Your goal: Find the line containing "2929 Chicago Avenue" in the listing below. Repeat it exactly, along with each following line up to and including the one containing "Pocket leather jacket".

Data extract:
'''
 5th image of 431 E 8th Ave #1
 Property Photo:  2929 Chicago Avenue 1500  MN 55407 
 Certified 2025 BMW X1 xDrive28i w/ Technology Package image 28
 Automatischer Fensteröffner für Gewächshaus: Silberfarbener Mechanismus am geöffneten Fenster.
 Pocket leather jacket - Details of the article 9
'''
'''
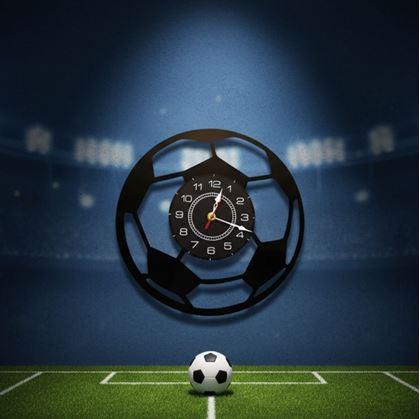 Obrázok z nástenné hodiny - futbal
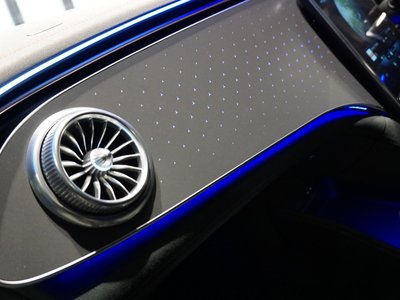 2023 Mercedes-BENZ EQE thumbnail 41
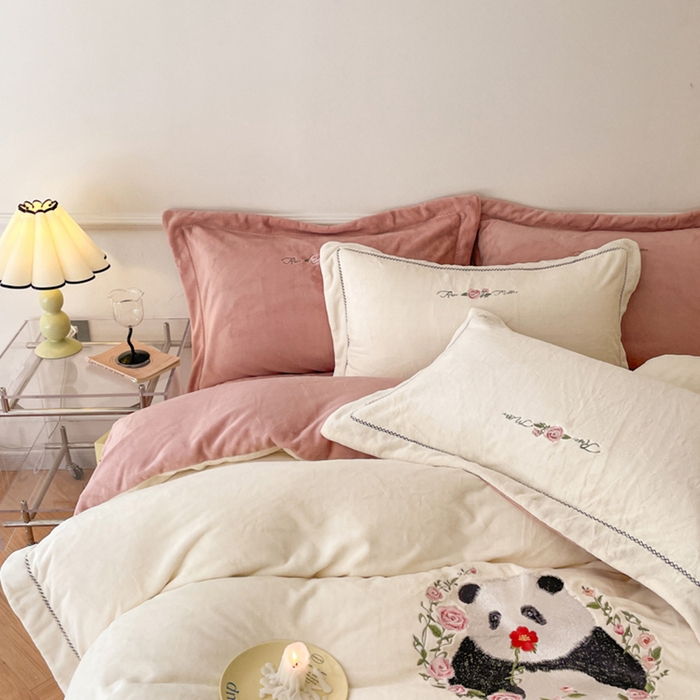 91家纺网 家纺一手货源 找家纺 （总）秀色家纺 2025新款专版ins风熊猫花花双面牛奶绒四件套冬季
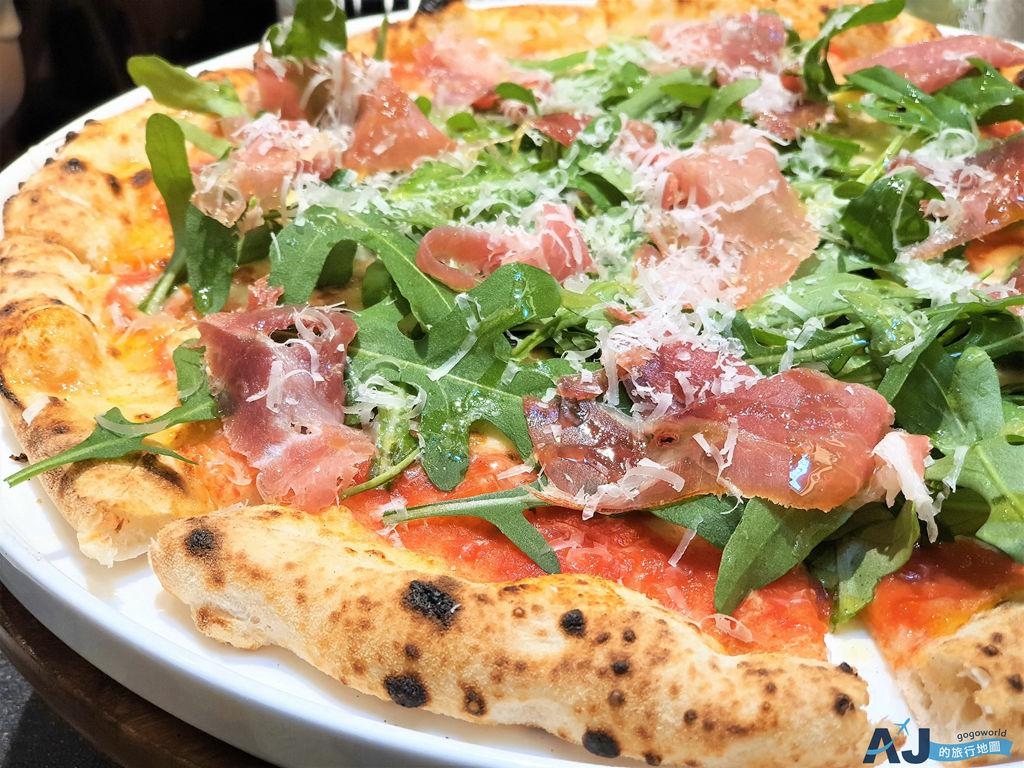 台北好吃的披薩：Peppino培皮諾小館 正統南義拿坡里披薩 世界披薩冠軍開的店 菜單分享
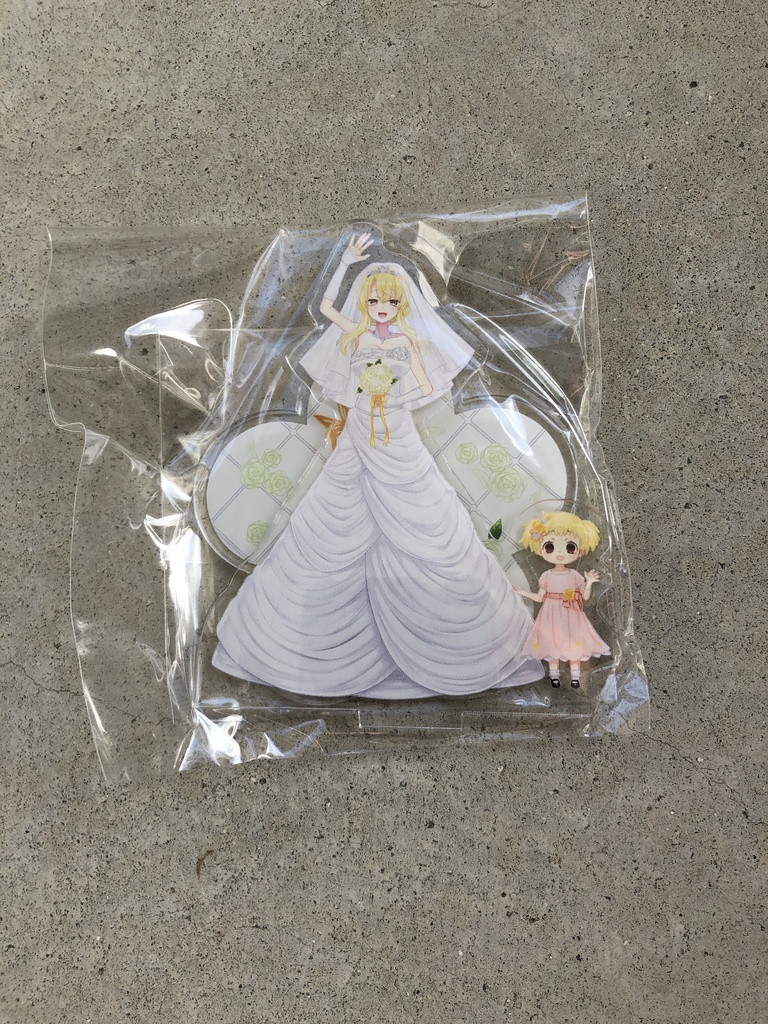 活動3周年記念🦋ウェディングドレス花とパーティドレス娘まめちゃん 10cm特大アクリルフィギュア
'''
'''
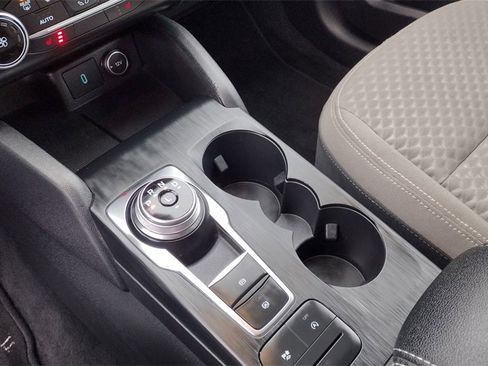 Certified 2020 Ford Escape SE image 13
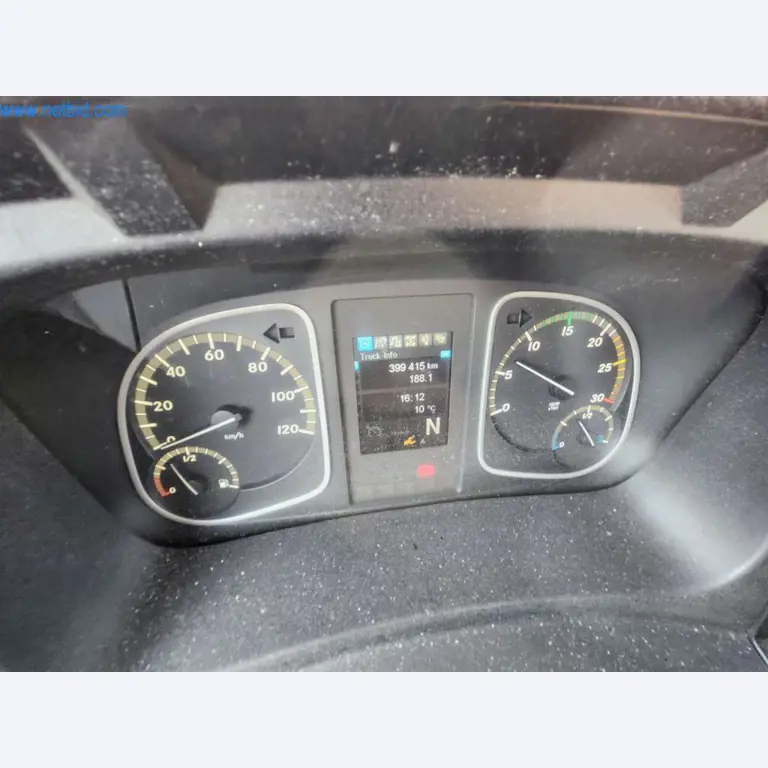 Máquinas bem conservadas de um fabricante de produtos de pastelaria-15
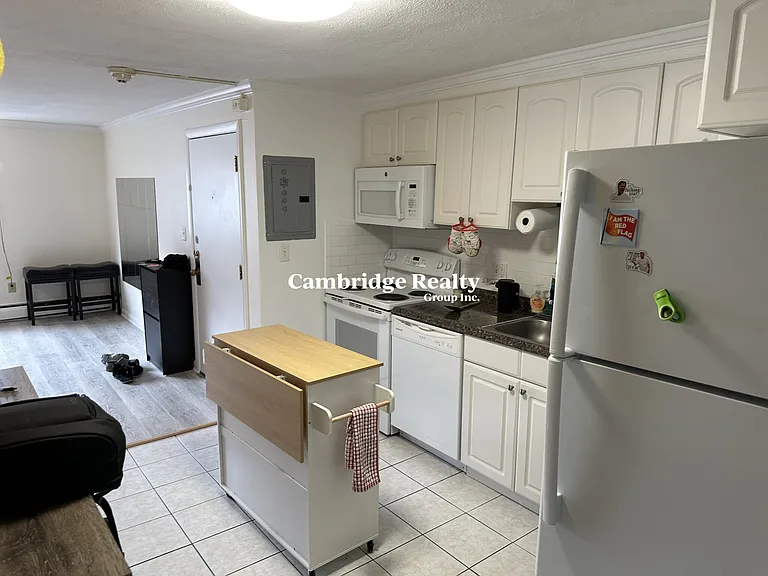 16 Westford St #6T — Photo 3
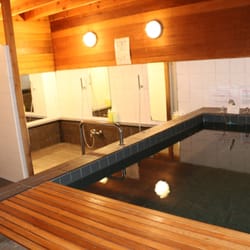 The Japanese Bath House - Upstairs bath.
'''
Task response:
 Property Photo:  2929 Chicago Avenue 1500  MN 55407 
 Certified 2025 BMW X1 xDrive28i w/ Technology Package image 28
 Automatischer Fensteröffner für Gewächshaus: Silberfarbener Mechanismus am geöffneten Fenster.
 Pocket leather jacket - Details of the article 9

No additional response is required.